Unnamed: 0,indexer,indexer_vps_provider,indexer_location,indexing_agreements
0,0xbcfd8fadabb6cffba8fdfdd3aac9f478d82eacc2,AS24940 Hetzner Online GmbH,6020,262
1,0x1f7a67bbdea486fd31c62ef60de15adc5d9beffb,AS3170 VeloxServ Communications Ltd,600,247
2,0xa7ff5a5dedbdbadd9e60797c2e07fbcedc8ef34f,AS24940 Hetzner Online GmbH,6020,242
3,0xa9aae95abfbbbeec6fee421684ddcbdfcfa8dcfa,"AS13335 Cloudflare, Inc.","40,-120",234
0,...,...,...,...
72,0x31cdacf1fcdcc4454e89b0cc1ec83de86bdb81f9,AS37153 Xneelo (Pty) Ltd,-2020,7
73,0x110bc4d10bd862aed3bf6c2ebd9effd29c7f1ef8,"AS13335 Cloudflare, Inc.","40,-120",6


In [40]:
# Display the first 4 and last 2 rows of the scores_df
pd.concat([
    scores_df.head(4),
    pd.DataFrame(['...'] * len(scores_df.columns)).transpose().set_axis(scores_df.columns, axis=1),
    scores_df.tail(2)
])

Unnamed: 0,indexer,stake_score,uptime_score,success_score,coeff_score,overall_score
0,0xbcfd8fadabb6cffba8fdfdd3aac9f478d82eacc2,0.848469,1.0,1.0,0.88395,
1,0x1f7a67bbdea486fd31c62ef60de15adc5d9beffb,,0.999667,0.999722,0.870472,
2,0xa7ff5a5dedbdbadd9e60797c2e07fbcedc8ef34f,0.753762,0.999667,0.999696,0.892237,
3,0xa9aae95abfbbbeec6fee421684ddcbdfcfa8dcfa,,0.964,0.903438,1.0,
0,...,...,...,...,...,...
72,0x31cdacf1fcdcc4454e89b0cc1ec83de86bdb81f9,0.532803,0.415333,0.415205,0.845812,
73,0x110bc4d10bd862aed3bf6c2ebd9effd29c7f1ef8,0.623717,0.0,0.0,0.886796,


#### 1. Create a new df containing permutations of indexers from the indexer_df, give each permutation an overall_score that represents the performance of the group.
#### 2. Add any further columns to this df that might be useful to determine how suitable the group is.

In [41]:
# Create dictionary's for quick lookups
provider_dict = indexer_df.set_index('indexer')['indexer_vps_provider'].to_dict()
loc_dict = indexer_df.set_index('indexer')['indexer_location'].to_dict()
score_dict = scores_df.set_index('indexer')['overall_score'].to_dict()

# Calculate Possible Groupings and Their Scores.
groups = list(combinations(indexer_df['indexer'], 3))
group_scores = [score_dict[x] + score_dict[y] + score_dict[z] for x, y, z in groups]

In [42]:
group_df = pd.DataFrame({
    "group": groups,
    "overall_score": group_scores
})

# Filter out groups with too low scores.

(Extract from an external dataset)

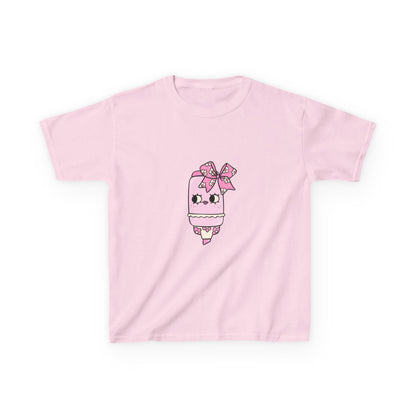 T-Shirt Kids Heavy Cotton™ Tee Fun Graphic Cute School Shirt Everyday Wear Coquette Design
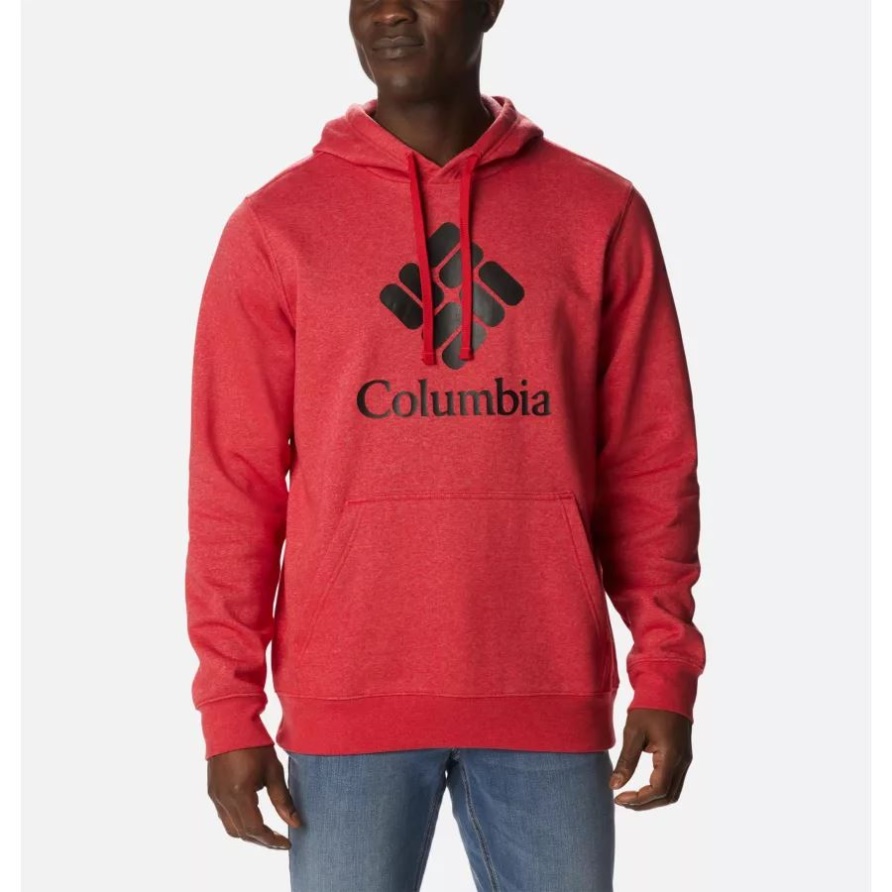 Mountain Red Hthr/csc Gestapeltes Logo Columbia Columbia Trek Hoodie Für Herren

We already know that we wont be using them. 
# In this case any group with lower group score than the 1% percentile group score is removed.

threshold_score = np.percentile(group_df['overall_score'], 1)
group_df = group_df[group_df['overall_score'] > threshold_score].reset_index(drop=True)

In [43]:
group_df

Unnamed: 0,group,overall_score


#### Using your df above that contains permutations of indexers, their scores and their suitability, figure out which groups should receive the indexing agreements and how many agreements they should receive.

#### You may want to formulate a linear programming problem, however you are free to tackle this however you see fit.